# brown algae



## kross (Jul 4, 2011)

I want to know how yo get rid of the brown algae in my 20 gallon long tank. I was told its normal, but how do I prevent the ugly stuff.


----------



## Fearmancer (Apr 24, 2011)

If its a new tank just wait. It will die off as your tank matures. Try feeding a little less in the mean time.


----------



## NeonShark666 (Dec 13, 2010)

Brown Algae in a SW tank is usually Diatoms. This is caused by too much light and/or too many nutrients (Phosphate, Nitrate, and Silicon). Reduce your light duration by 50% and make 20-30% water changes with clean, nutrient free water. Make these water changes every 5-7 days and see what happens.
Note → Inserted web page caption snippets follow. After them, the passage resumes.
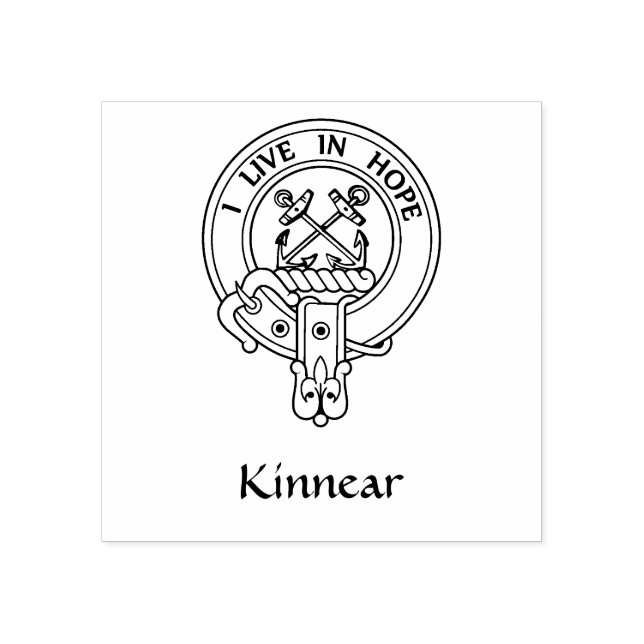 Clan Kinnear Crest Rubber Stamp (Imprint)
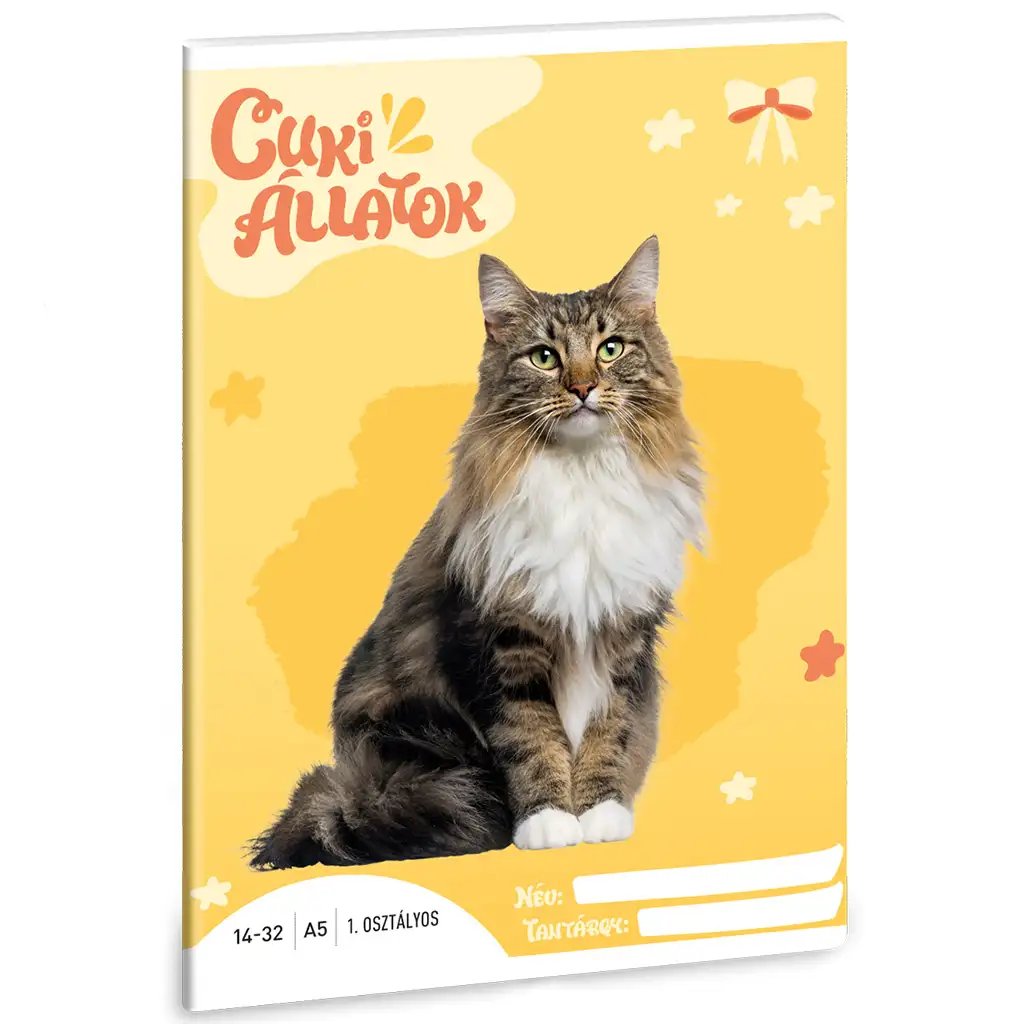 imagen de Ars Una: Animales adorables - Gato noruego cuaderno de líneas A/5 para 1º de primaria 1
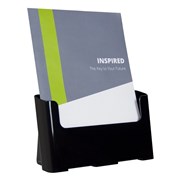 DEFLECTO BROCHURE HOLDER SUSTAINABLE OFFICE A4 BLACK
Keep lots of aeriation and filtration going to avoid Algae die off killing your fish. Test your tap water to see if it has nutrients in it. This is very common in the USA if you have Agricultural or Urban areas upstrem of you water source.


----------



## Copachick (Jun 7, 2011)

Try purchasing some Otos. We were told when we had our huge brown algae outbreak that they are one of the best to keep it under control. We did alot to keep it from spreading but it didnt work, and let me tell you those little guys do a great job. Also, try keeping your lights off longer. Algae likes alot of light. Not sure how long you keep your lights on, but We use to do 12 hours on,and 12 off. Now we dont turn them on until we get home from work in the evening when its dinner time. then we turn them off before we go to bed. As long as there is some ambient light in the room they dont really care if their light is on. Its more for our enjoyment then theirs


----------



## NoMoreToys (Mar 21, 2011)

Ditto on the Ottos. Wipes out my brown problems. Got two in a 30g.


----------



## Sweetgreenleaf1369 (Jun 24, 2011)

I was told earlier algae is like a plant that needs light and nutrition to grow. cut back on these and you should see it go away....


----------